Short web captions

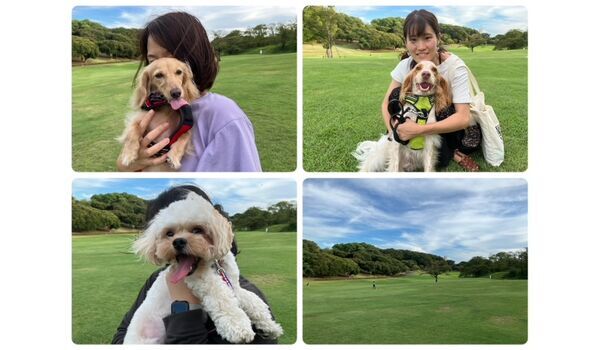 犬のしつけ教室・出張レッスン・無駄吠えの矯正レッスンを行うドッグスクール ヴィッセの今日のわん子です。～8月31日～ 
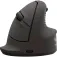 Fellowes Mouse wireless 100143582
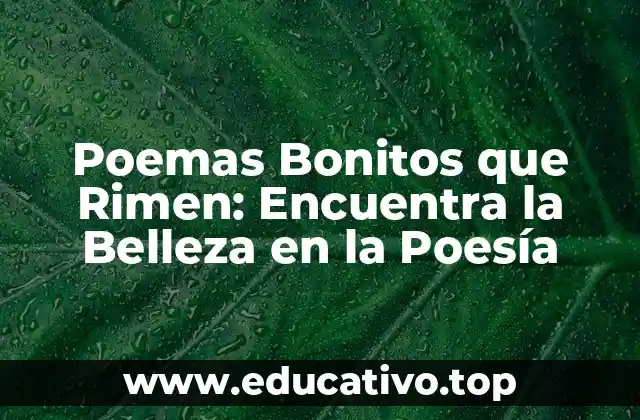 Poemas Bonitos que Rimen: Encuentra la Belleza en la Poesía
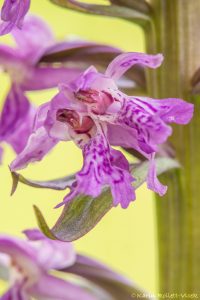 Dactylorhiza majalis / Breitblättriges Knabenkraut / Common marsh orchid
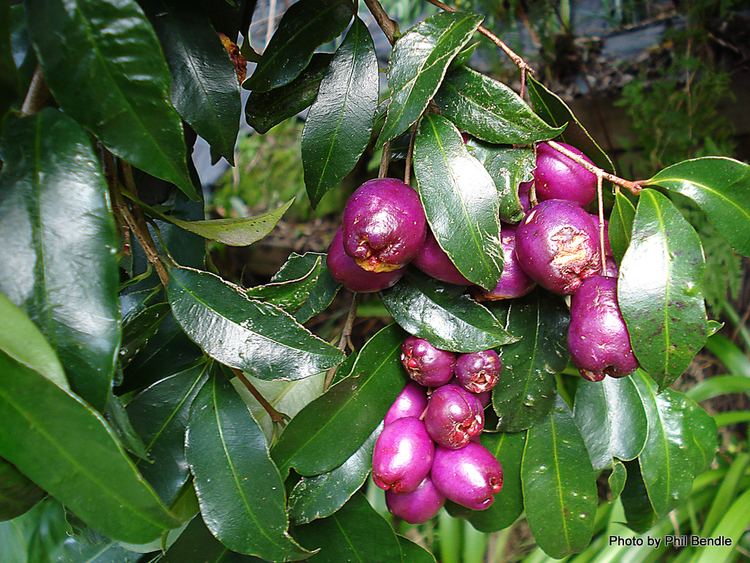 Syzygium TERRAIN Taranaki Educational Resource Research Analysis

_TASK INSTRUCTIONS:_ Once the pictures are removed, print all the remaining data exactly as it stands.

_TASK SOLUTION:_
 犬のしつけ教室・出張レッスン・無駄吠えの矯正レッスンを行うドッグスクール ヴィッセの今日のわん子です。～8月31日～ 
 Fellowes Mouse wireless 100143582
 Poemas Bonitos que Rimen: Encuentra la Belleza en la Poesía
 Dactylorhiza majalis / Breitblättriges Knabenkraut / Common marsh orchid
 Syzygium TERRAIN Taranaki Educational Resource Research Analysis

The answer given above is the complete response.